Parents of children who have disappeared, including those of Madeleine McCann, 4, are marking the EU's Missing Children's Day.
John McCann said the family would not stop until Madeleine was found
John McCann, Madeleine's uncle, on a visit to UK charity Missing People, urged families in a similar position to remain hopeful.
The key was to realise that there was a channel of support, said Mr McCann.
The charity said that since Madeleine's abduction on 3 May there had been 1,200 reports of missing young people.
The aim of the day, instigated by the European Union, is to support parents like the McCanns.
In the UK, Missing People, previously known as the National Missing Persons Helpline, chose the day to relaunch under its new name and logo.
It also announced what it said was the first UK direct mailing appeal to help find missing children.
And the charity launched an official yellow Missing People ribbon to symbolise support for all missing people.
People have been urged to wear yellow ribbons to mark their support for the McCanns since Madeleine was snatched from their holiday apartment in Praia Da Luz.
Madeleine's picture was projected on to Marble Arch in central London
John McCann visited the charity's offices in London to highlight its work and to offer support to other families whose children had disappeared.
He said: "I'm sure that you all can relate to the horrible feeling in the pit of your stomach and the complete turmoil that hits us.
"The initial waves of sickness and mental upset was completely overwhelming. None of us was able to think clearly."
He added: "For all families that are coping with a disappearance, your pain will be like ours and some of them will have carried it for longer than we have.
"What I want to do is show that you can remain hopeful. The key part is realising that there is a channel of support and that is where the charity Missing People comes in."
Mr McCann said the family was in it for the long haul and would not stop until Madeleine was found.
Missing People is appealing for help finding Carmel Fenech, 16
He joined Paul Tuohy, chief executive of Missing People, as he re-launched the charity.
"We are re-launching at a peculiarly ironic time - when the level of interest in missing people has perhaps never been higher, when 'missing' as a social issue is on the lips of politicians, radio and TV presenters, newspaper editors, and men, women and young people the length and breadth of the country."
Mr Tuohy also announced a direct mailing appeal for a missing child, which will be delivered to half a million homes on Friday.
It carries an appeal for a girl named Carmel Fenech who was 16 when she disappeared from Crawley, West Sussex, on May 23, 1998.
According to Home Office estimates, 210,000 people are reported missing each year in the UK, around two-thirds of whom are under the age of 18.
The EU Justice Commissioner marked the day with a plea not to forget the McCanns' plight.

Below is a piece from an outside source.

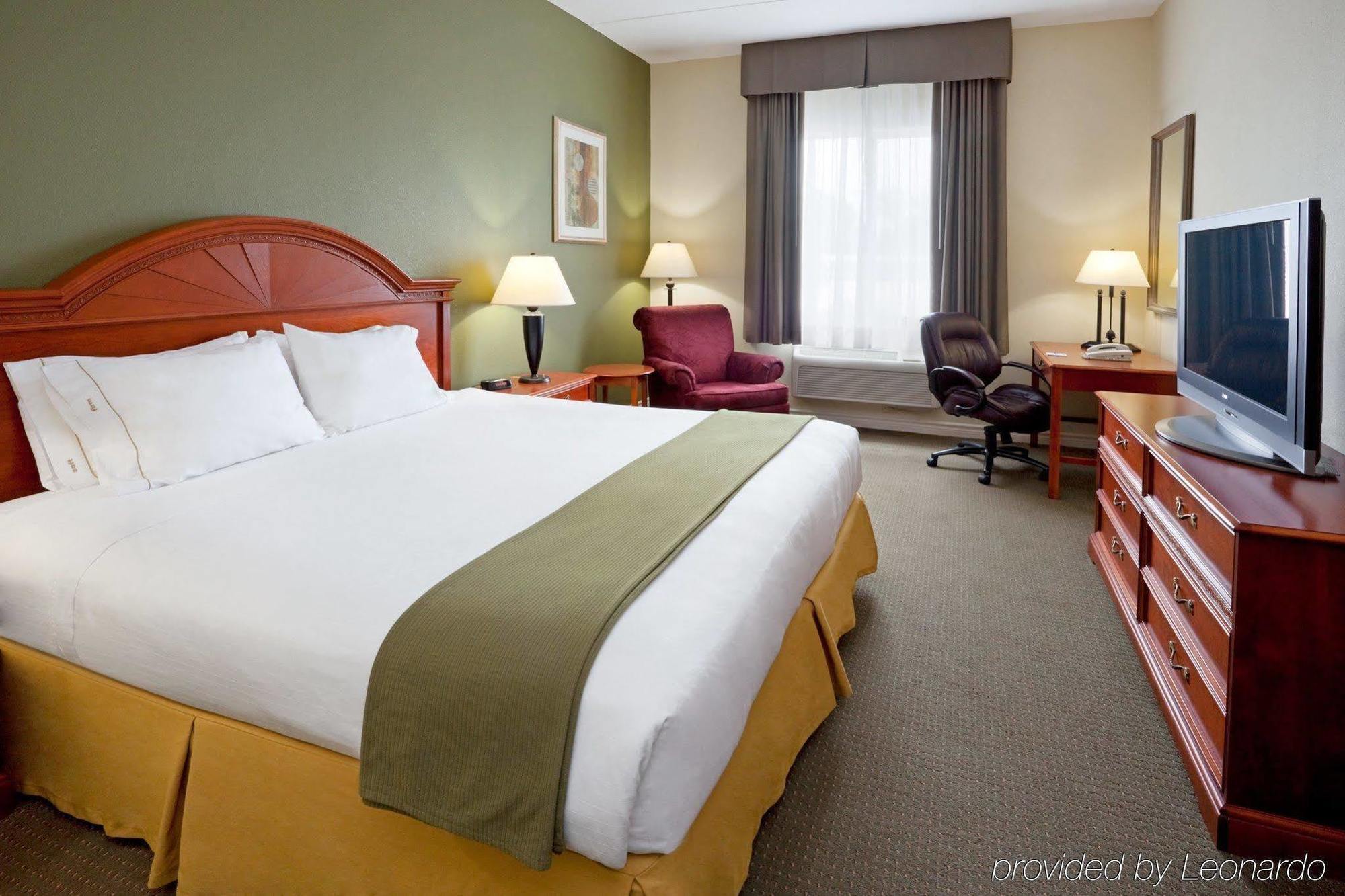 Holiday Inn Express Hotel & Suites 1000 Islands - Gananoque By Ihg Екстериор снимка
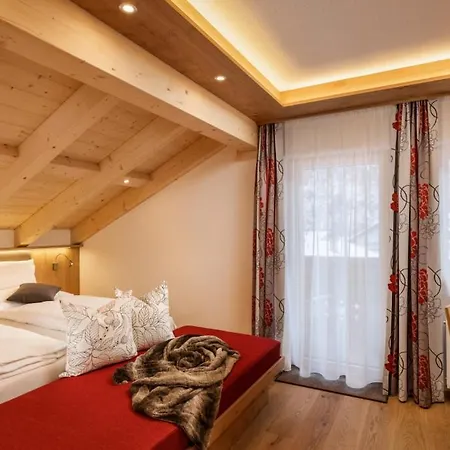 Dorfstube 3* Holzgau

Franco Frattini said: "The public support shown throughout Europe to the parents of Madeleine McCann has illustrated European citizens' solidarity with the families of missing children and the importance they attach to ensuring a safe and secure environment for our children."
All EU staff in Brussels were urged to wear forget-me-not (myosotis) flowers in support of the European Federation for Missing and Sexually Exploited Children, the organisers of the event.